» What is being asked: Transcribe all of the records word for word, but omit the pictures.

Dataset excerpts:
★ ★ ★ ★

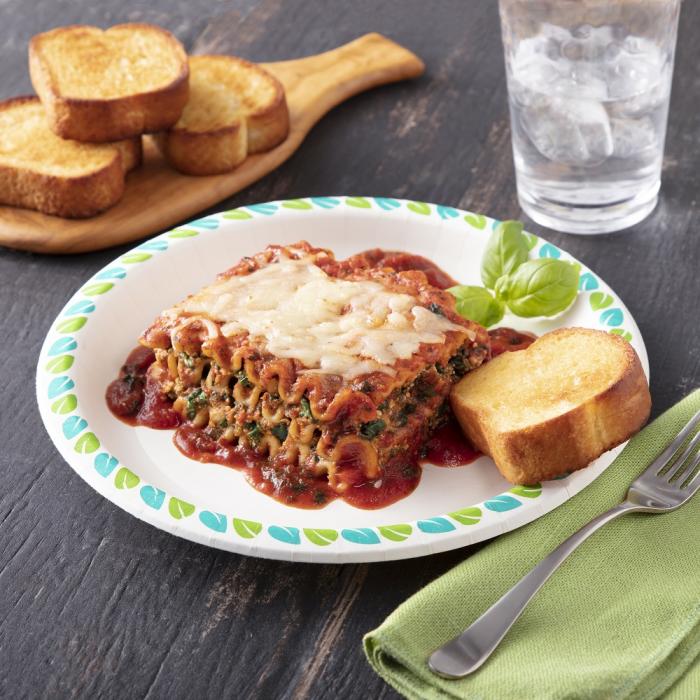 Hefty Compostable Printed Paper Plate with Lasagna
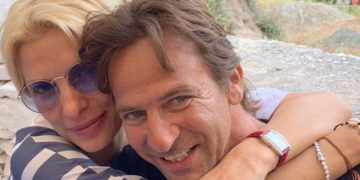 Ελένη Μενεγάκη: Κι όμως αυτή είναι η πρώτη δημόσια ερωτική εξομολόγηση στον Μάκη της!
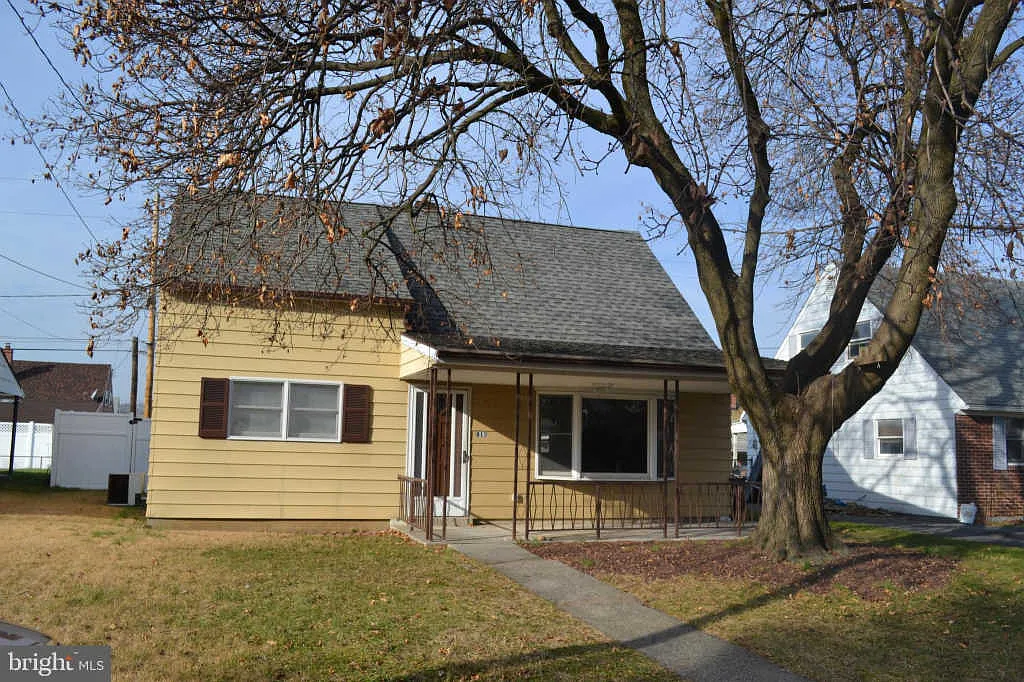 813 Tuckerton Ave photo 1
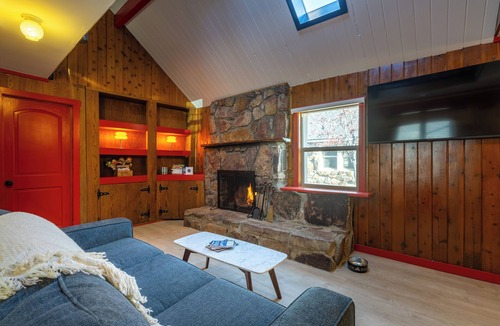 Big Bear Lake Hotel | Arkouda Cabins: Northern Flicker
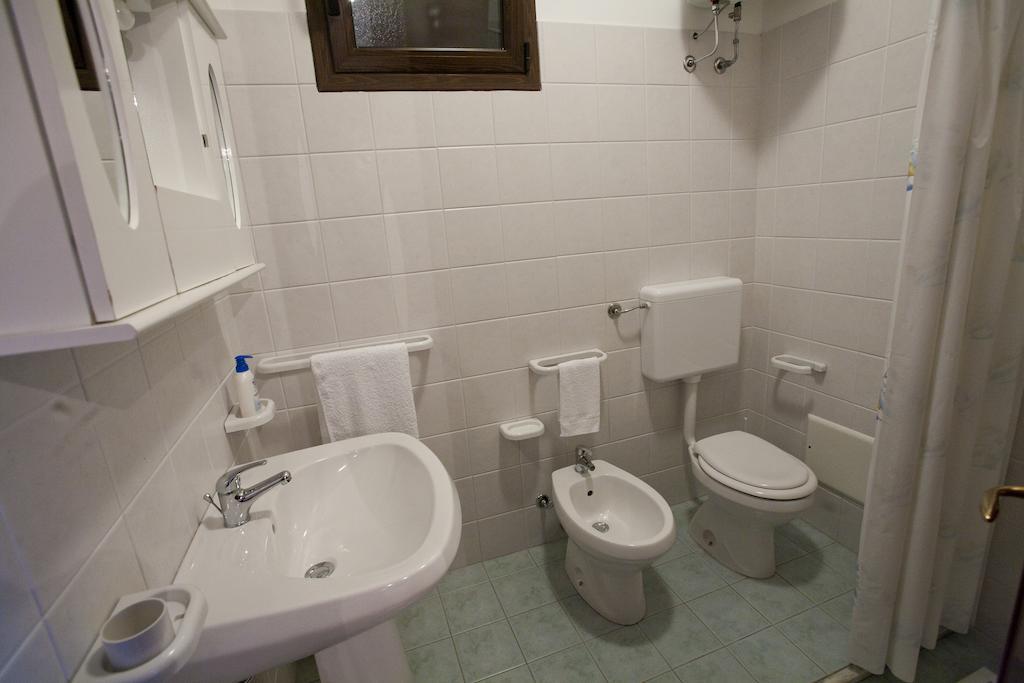 Residencefusaro Pajare Specchia Camera foto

★ ★ ★ ★

» Task response:
 Hefty Compostable Printed Paper Plate with Lasagna
 Ελένη Μενεγάκη: Κι όμως αυτή είναι η πρώτη δημόσια ερωτική εξομολόγηση στον Μάκη της!
 813 Tuckerton Ave photo 1
 Big Bear Lake Hotel | Arkouda Cabins: Northern Flicker
 Residencefusaro Pajare Specchia Camera foto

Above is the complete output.